At this point final textures and colours are still not solidly agreed and the director often visits the set or is shown samples by the paint shop. Once sections of the set are completed large props like doors or trees or features are added by prop dressers and/or carpenters and final paint effects may be applied to everything. 
 
Finally the set will be dressed according to the set dressers instructions and lighting will begin to light the set. 

What is a green screen? 

 
Green screens work on a principal called “ChromaKey” which allows an automated editing system to remove a single colour from the image or in this case a moving image. Bright green and bright blue are the two colours found least in human skin tones, therefore they are the best of a large number of colours used in chroma key and hence the term Green Screen prevails. 
 
The principal is that a large green drape is hung behind the actor and any props and so they can be cut out of the background easily. The the green are is replaced by a landscape or virtually anything you want. 
 
It is rare that any well funded piece of filming will not have some small piece of green screen in it these days due to the increasing quality and ease of the process. 
 

How do you estimate the cost of building a TV set? 

TV in the UK has very different rates to film but TV sets tend to be extremely expensive due to the need to durability and also a modular (mostly steel) construction. They usually require long lead times and in-depth structural analysis for health and safety purposes.
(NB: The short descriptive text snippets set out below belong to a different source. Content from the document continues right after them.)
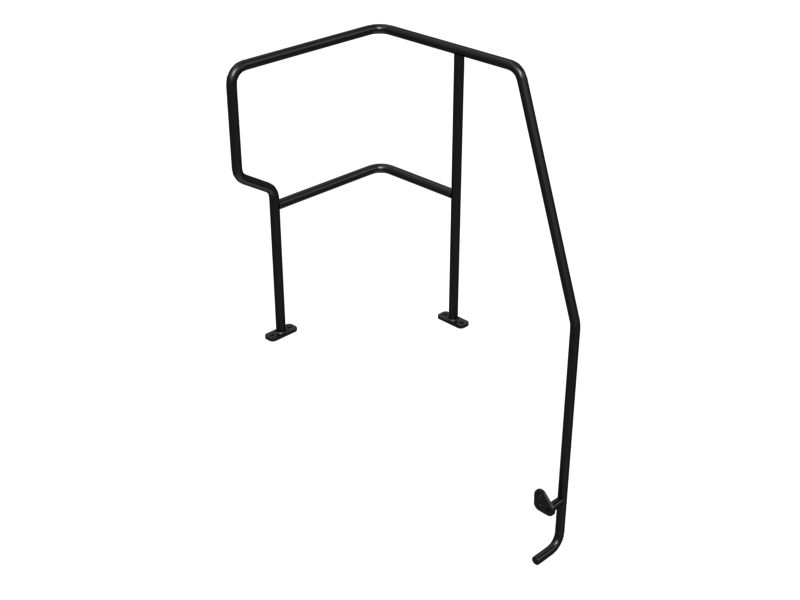 540-0915: GUARDRAIL AS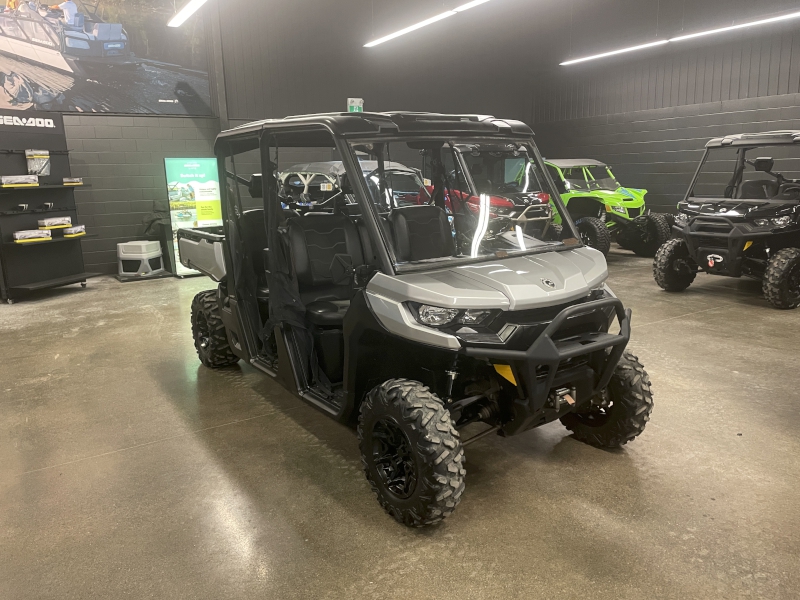 2020 CAN-AM DEFENDER MAX XT HD8 SIDE BY SIDE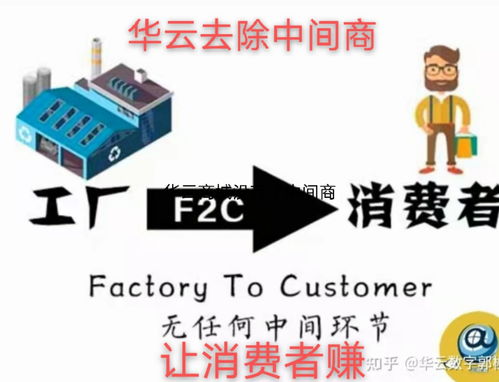 華云數(shù)字 從工廠直達消費者的商業(yè)模式變革
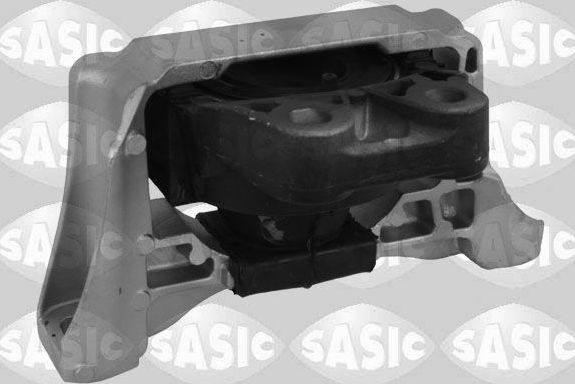 Подушка (опора) двигателя Sasic правая верхняя для Volvo C70 II 2008-2009. Артикул 2706134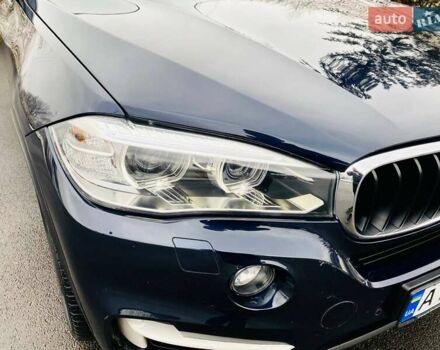 Синій БМВ Х5, об'ємом двигуна 2 л та пробігом 78 тис. км за 35950 $, фото 17 на Automoto.ua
Pilots often use more traditional non reusable sets for cost reasons, which can easily look as good on camera. 

How do you work out the cost of building your event? 
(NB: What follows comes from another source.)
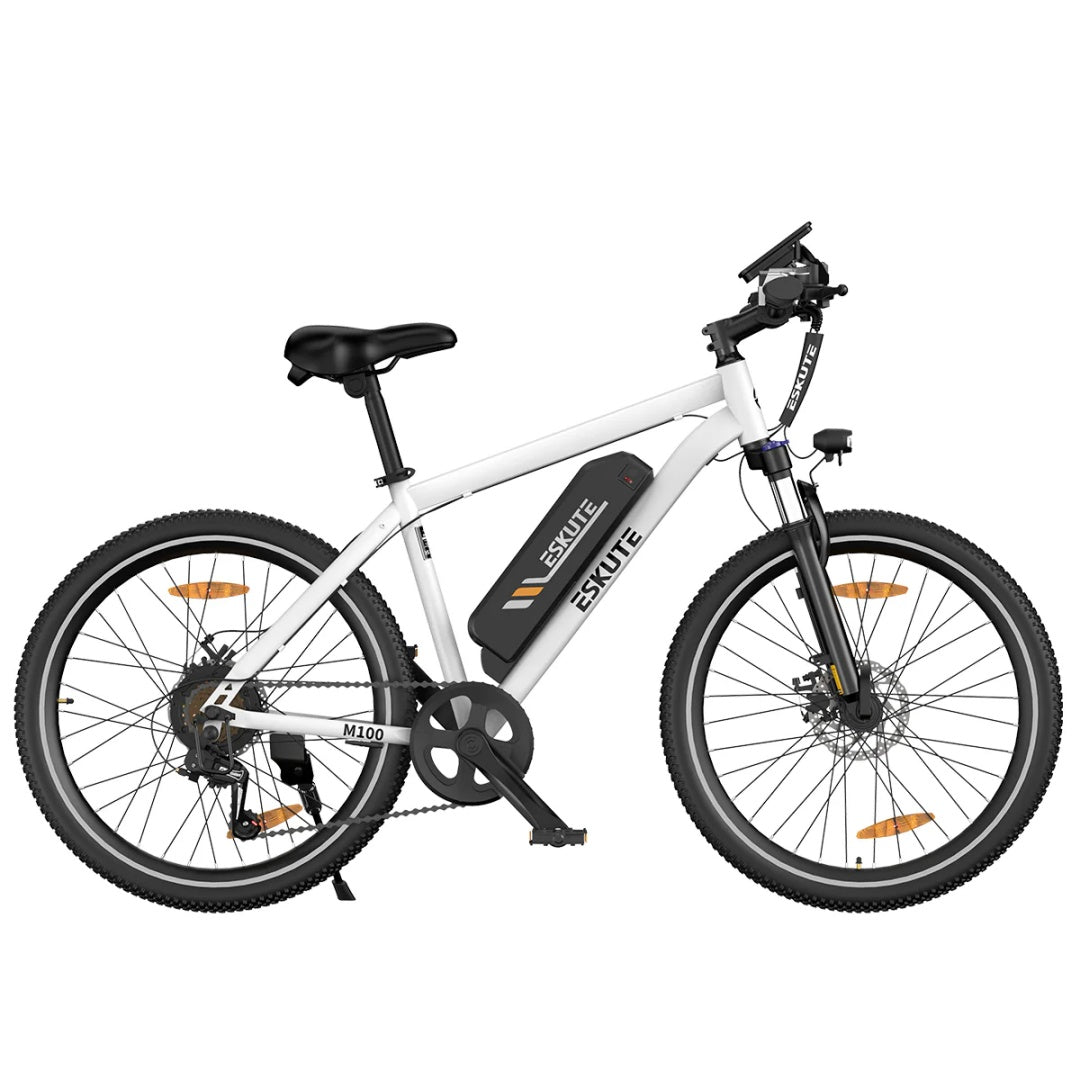 ESKUTE M100 27.5" Mountain Electric Bike 250W Motor 36V 13.5Ah Battery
It's really just a matter of asking your event builder as early as possible about potential designs. With a wealth of knowledge and experience, you will at least be given “Do-able ideas” that can be priced easily and accurately. When excluding the builder you run the risk of committing to highly impractical and expensive ideas that will be difficult to estimate the cost of. 
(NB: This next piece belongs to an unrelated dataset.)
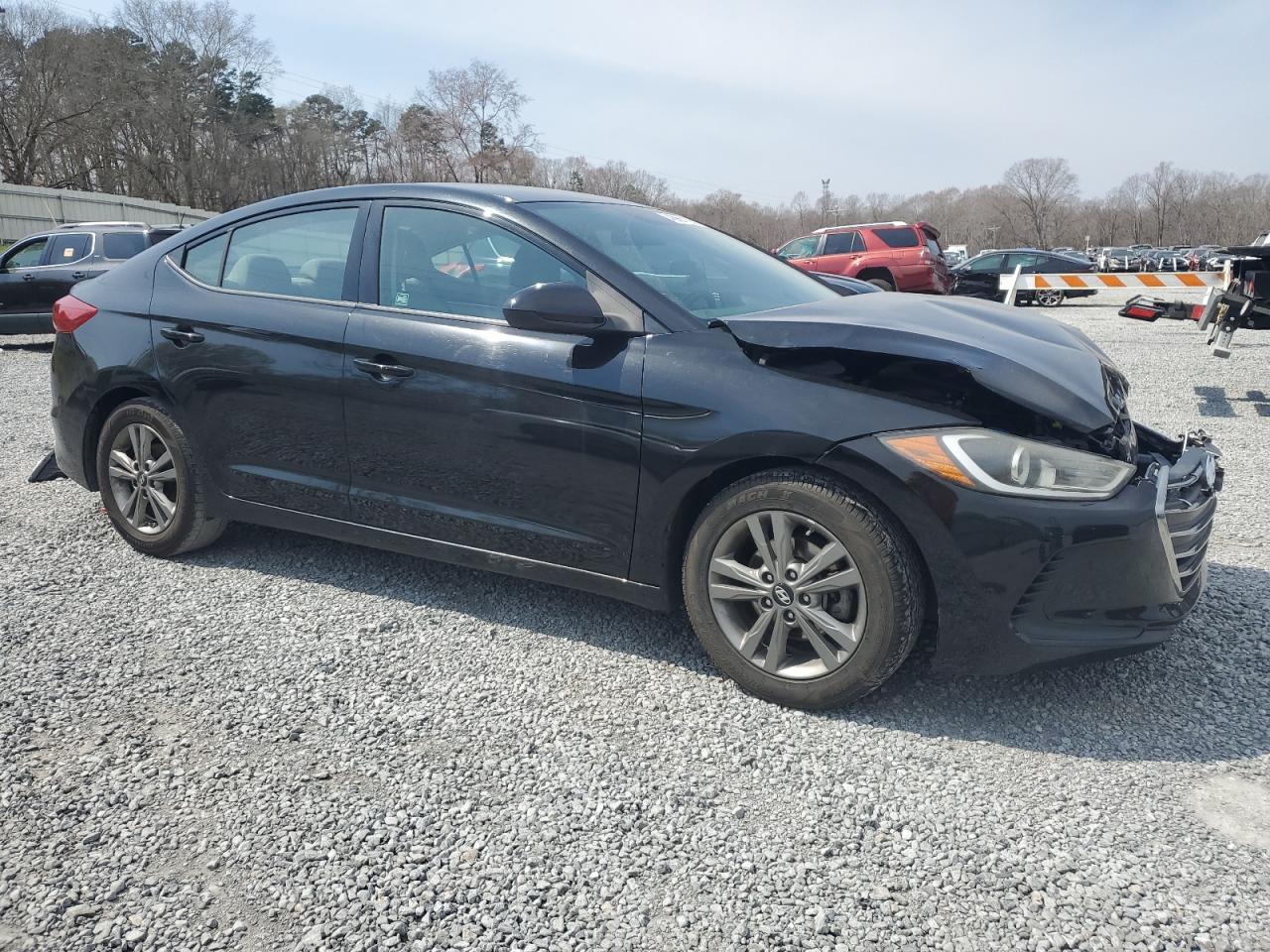 2018 HYUNDAI ELANTRA SE - Фото 4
How to budget your set build 

You should budget your set build only once you know what your design is but often in lower budget productions a designer is not onboard yet, in this case, speak to a construction manager directly. 
If you have a total production budget of £500,000 and £450,000 is already accounted for, there is no point in asking a designer to create sketches of the Titanic. Remember anything built must be of quality or it will undermine the credibility of you entire project. 
 
Begin by finding studio space, with enough space you can reform your own budget to allow locations to be replaced by sets, thus slashing your scheduling issues and equipment hire costs. With long form productions, sets can be remade and repurposed in hours at little cost in an appropriate space. 
 
Construction labour in the UK today costs the construction company between £255 and £265 a day, so they will be passing it to production for about £300 to £310 per day unless you set up a construction accountant and pay direct (you will struggle to find crew this way) and everyone expects overtime, which increases cost even further. 
 
So actual labour is the greatest cost and also a major cashflow issue as wages are weekly. 
Lets put that in perspective 
 
4 carpenters per day is £1200, plus 2 painters @ £600 is £1800 per day 
 
Then there is the hire of £20,000 worth of tools @ 1% per day, a construction manager all through prep and production and many tonnes of materials. 
 
Lets say you allow 30 man days for your little film, that £54,000 without the Construction manager or the tool hire or the materials 
 
Try to allow the construction company freedom to improvise and reduce the need for labour, listen to their advise rather than following only the creative brief to the letter. Major motion pictures can do this but rarely even then is it accepted as best practice to have the wheel reinvented when there are already wheels available.